Monday, April 12, 2010

Laird's first hit made Leyland "break out in a rash"

Gerald Laird was waiting at the mound when Jim Leyland came out to change pitchers in the ninth inning on Sunday.

"I think I'm getting poison ivy," the Tigers' manager said, scratching his wrist. "I'm breaking out in a rash."

"What do you mean?" the puzzled Laird asked.

"You just got a hit," Leyland replied.

When you start a season 0-for-17, you've got to be able to laugh at yourself.

And Laird did.

"I heard the boos in my last couple of at-bats," admitted Laird, who had singled in the bottom half of the eighth to finally end his hitless streak.

"But that's the way it is. Fans are fans. I wasn't getting the job done."

"I really felt for him," Leyland said Monday. "But that's baseball. Lloyd McClendon (the Tigers' hitting coach) said one year he started 0-for-23."

And McClendon hit .625 in 11 postseason games for the Cubs and Pirates. As a kid, he belted five home runs on five swings in the 1971 Little League World Series, earning the nickname "Legendary Lloyd."

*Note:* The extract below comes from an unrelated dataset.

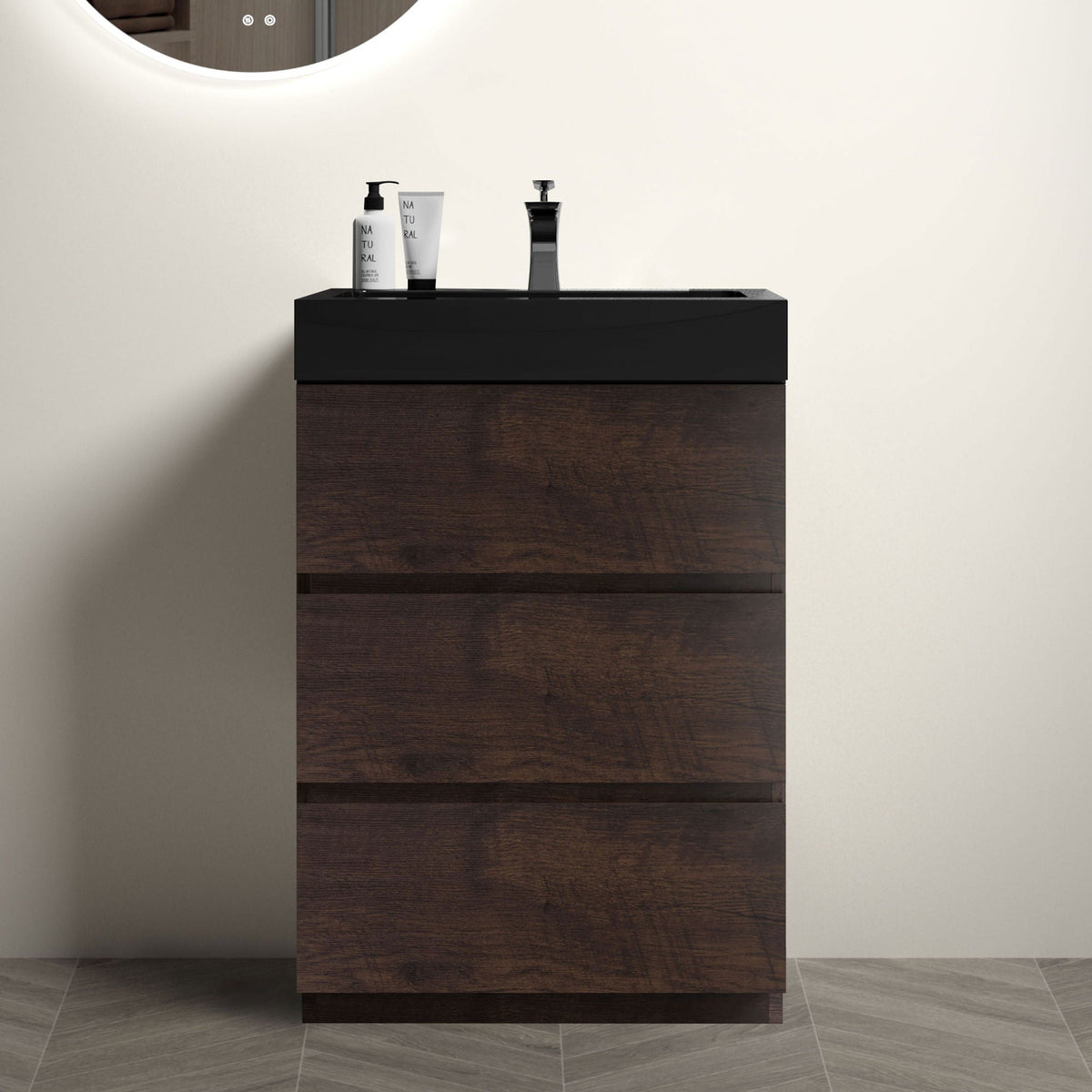 Alice bathroom vanity with large storage and one-piece sink, dark wood base, black countertop on Tampa Home & Garden Store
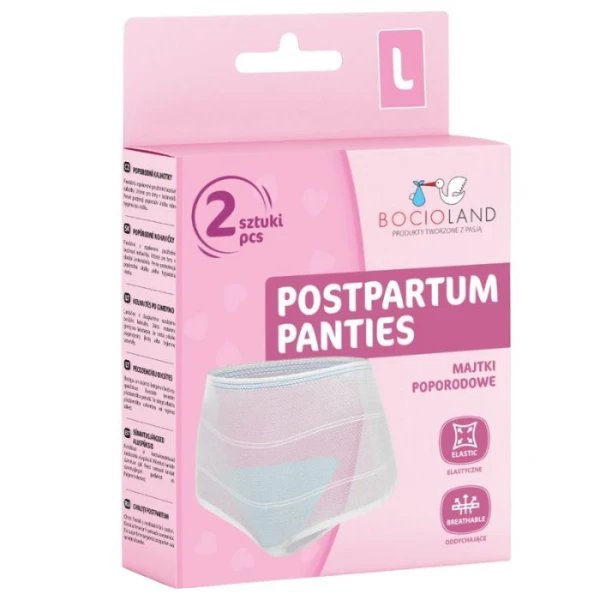 Bocioland, majtki poporodowe wielorazowe, siateczkowe, rozmiar L, 2 sztuki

To my knowledge, nobody has yet called Gerald "Legendary Laird."

The fact that the Tigers won five of their first six games, helped ease Laird's personal pain a little.

When Laird's long-awaited first hit finally came, the Comerica Park crowd gave him a sarcastic standing ovation. "I think at least some of them were happy for me," he said, putting a positive spin on the situation.

"I had fouled a ball off my foot so it hurt to run and all the way to first base I'm thinking, 'Oh no, what if I get thrown out?' " Laird said.